21 Ekim 2017 Cumartesi

TAKSİM EDİLEN KIBRIS VE EMPERYALİZM

Kıbrıs üstüne estirilen şoven dalga dinmek bilmedi. Burjuvazinin tüm partileri kısır seçim hesaplarını Kıbrıs üstüne şoven kışkırtmalarla süslüyorlar. Radyolar, TV’ler, tekelci sermayenin güdümündeki basın, habire bu azgın şovenizmi körüklüyor. 1. ve 2. Kıbrıs savaş harekâtının yıldönümleri bu şoven propaganda için burjuvaziye iyi bir vesile ve malzeme oldu.

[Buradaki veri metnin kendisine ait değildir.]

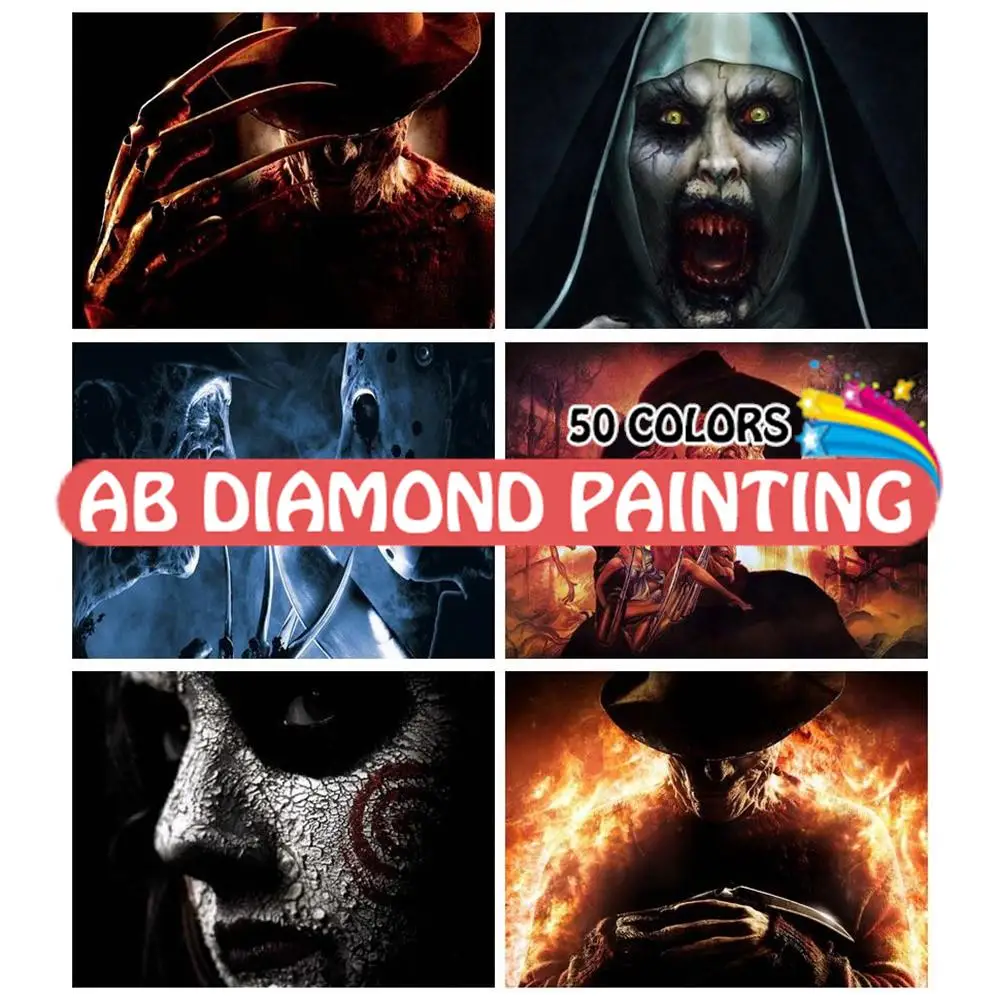 50 Colors Horror Diamond Painting Movie Characters Room AB Drill Decor Unfinished Art Craft 5D DIY Needlework Cross Stitch |
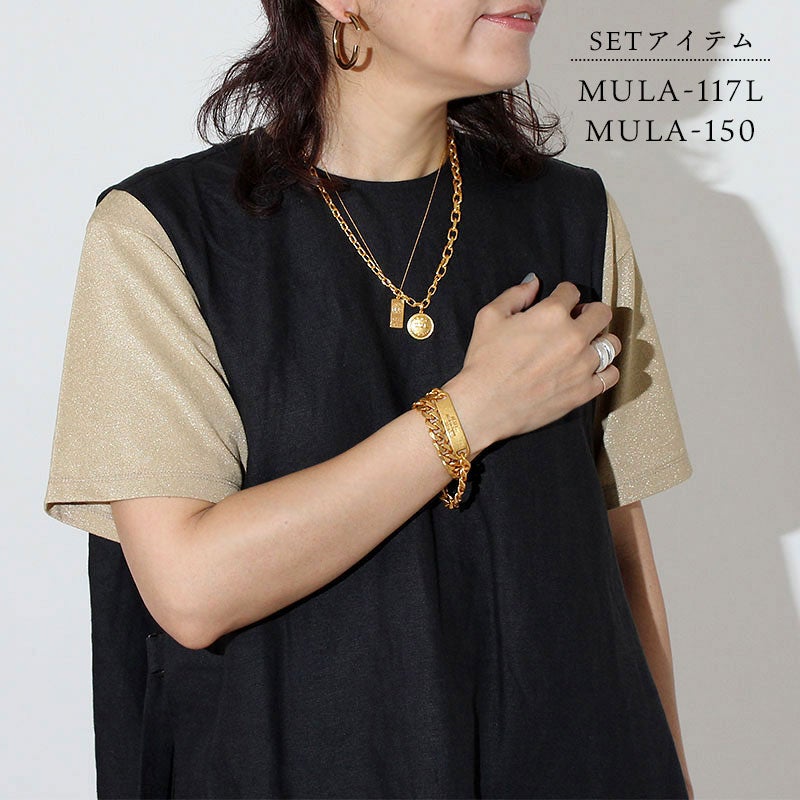 新作 M.U.L. エムユーエル コインネックレス48cm アシンメトリー MULA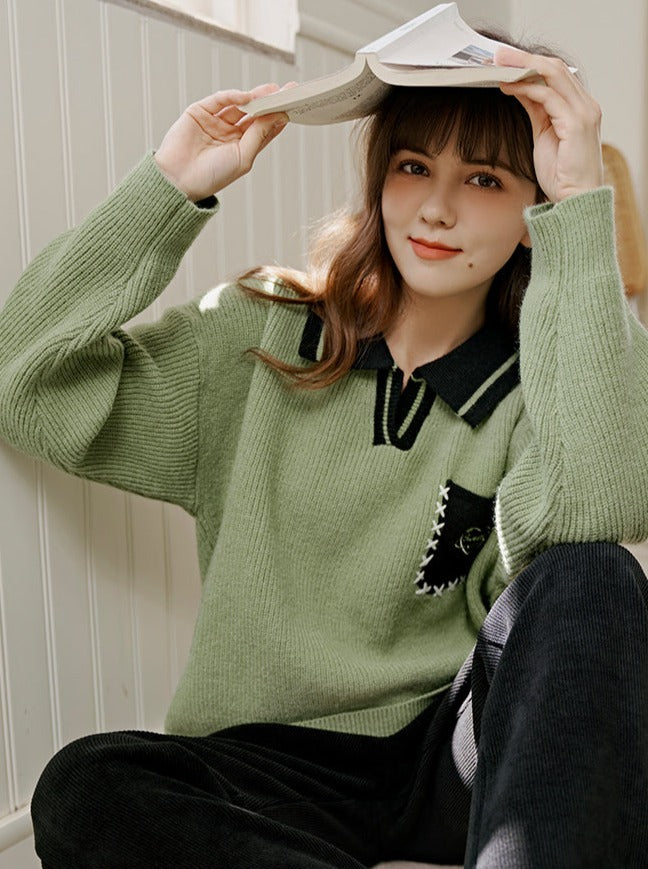 Polo collar pocket design knit top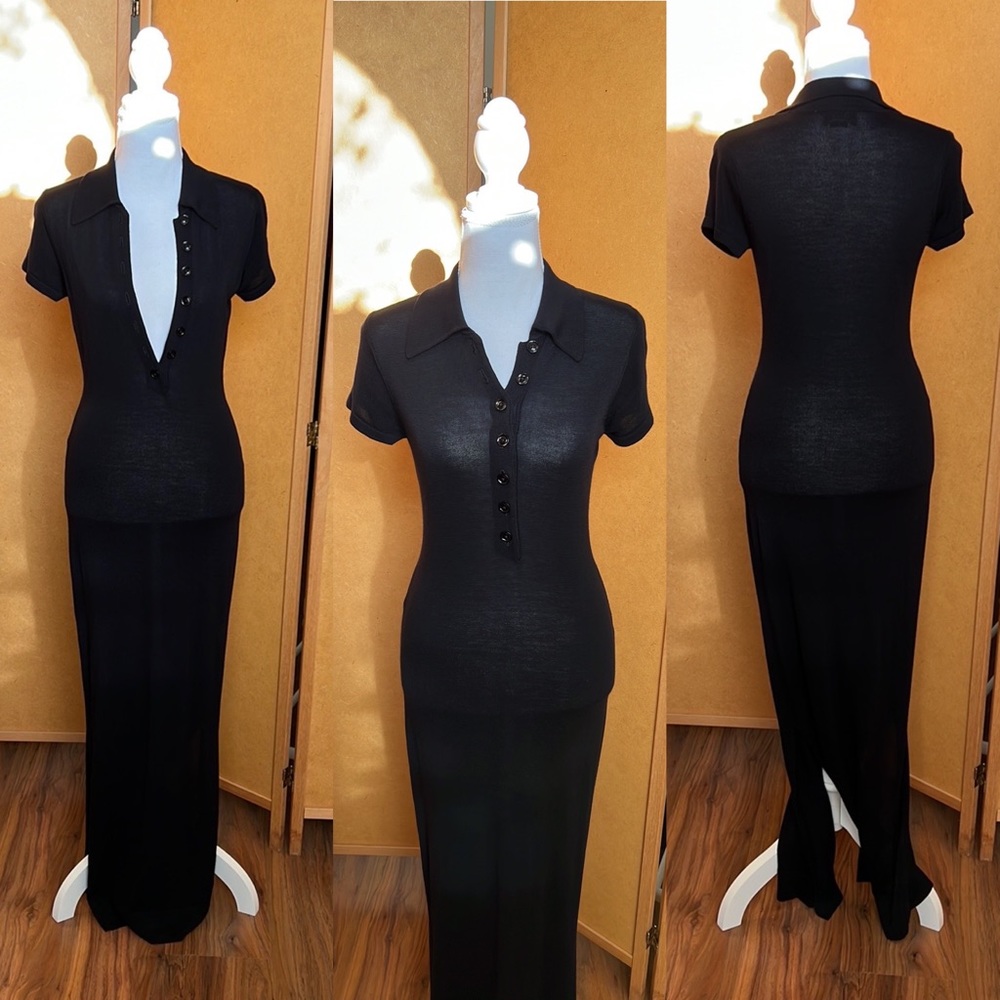 Banana Republic XS maxi shirt dress w/ side slit and buttoned neckline - Navy
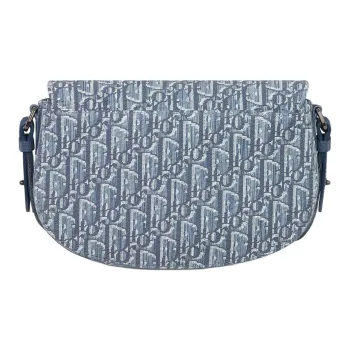 DIOR Cotton Saddle Bag Messenger Bag Shoulder Bag Unisex Blue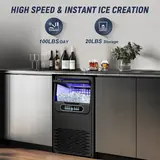 Under Counter Ice Maker Machine, 100LBS/, photo 3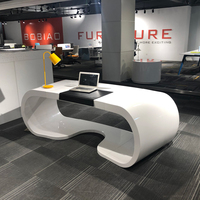Bureau de direction de forme unique, blanc, de forme ronde avec tiroir, prix bas des fabricants, nouveau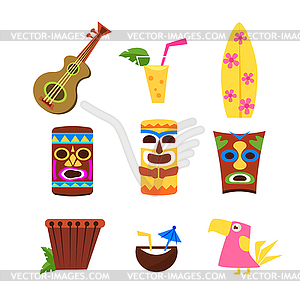 Hawaii Themed Collection Of Icons - vector image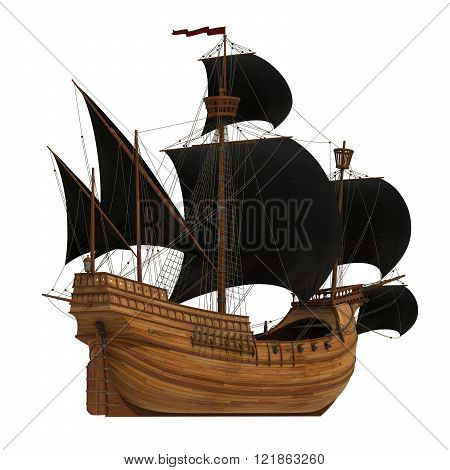 Pirate Ship On White Background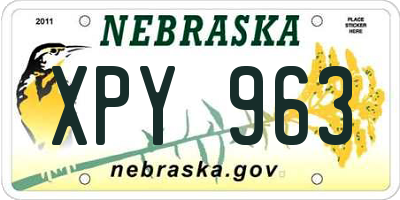 NE license plate XPY963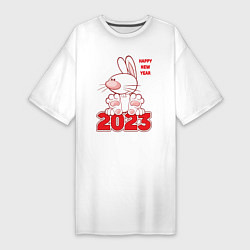 Футболка женская-платье Happy New Year, 2023, кролик сидит на цифрах, цвет: белый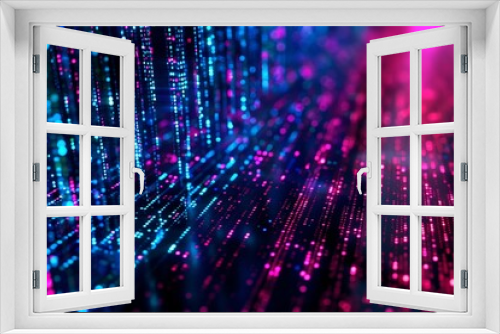 A vibrant, futuristic digital background with blue and pink lights and lines, perfect for technology and cyber themes.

On binlerce ölü ve yaralı, iki yüz binden fazla yerinden yurdundan edilmiş Kıbrıslı, halkın içine serpilmiş düşmanlık tohumlarını patlatan savaş ile emperyalizmin karanlık planlarının girdabında yuvarlanıyor. Üstelik Rum bölgesinde kalan Kıbrıslı Türklerin kuzeye aktarılmasının tamamlanışı ile Kıbrıs’ın taksimi hemen hemen fiilen gerçekleşmiş durumda. Şimdi gündemde bu taksimin resmi tescili var. Emperyalizm bu adımı da atabilecek, Kıbrıs’ı doğu Akdeniz’de bir emperyalist üs niteliğine tam olarak kavuşturabilecek mi?

İngiliz emperyalizmine karşı 1950’lerde hızlanan Kıbrıs halkının anti-kolonyalist mücadelesi, “böl ve yönet” siyasetinin en kurnaz uygulayıcısı İngiltere tarafından kolayca bir iç savaşa dönüştürüldü. Adanın yüzde 80’ini oluşturan Rumlar ile yüzde 20’sini oluşturan Türkler arasında başlayan çarpışmalarla Kıbrıs üstüne tezgâhlanan emperyalist planlar maskelenmek istenmiş; sorun kamuoyuna bir Türk-Rum anlaşmazlığı şeklinde yansıtılmıştır.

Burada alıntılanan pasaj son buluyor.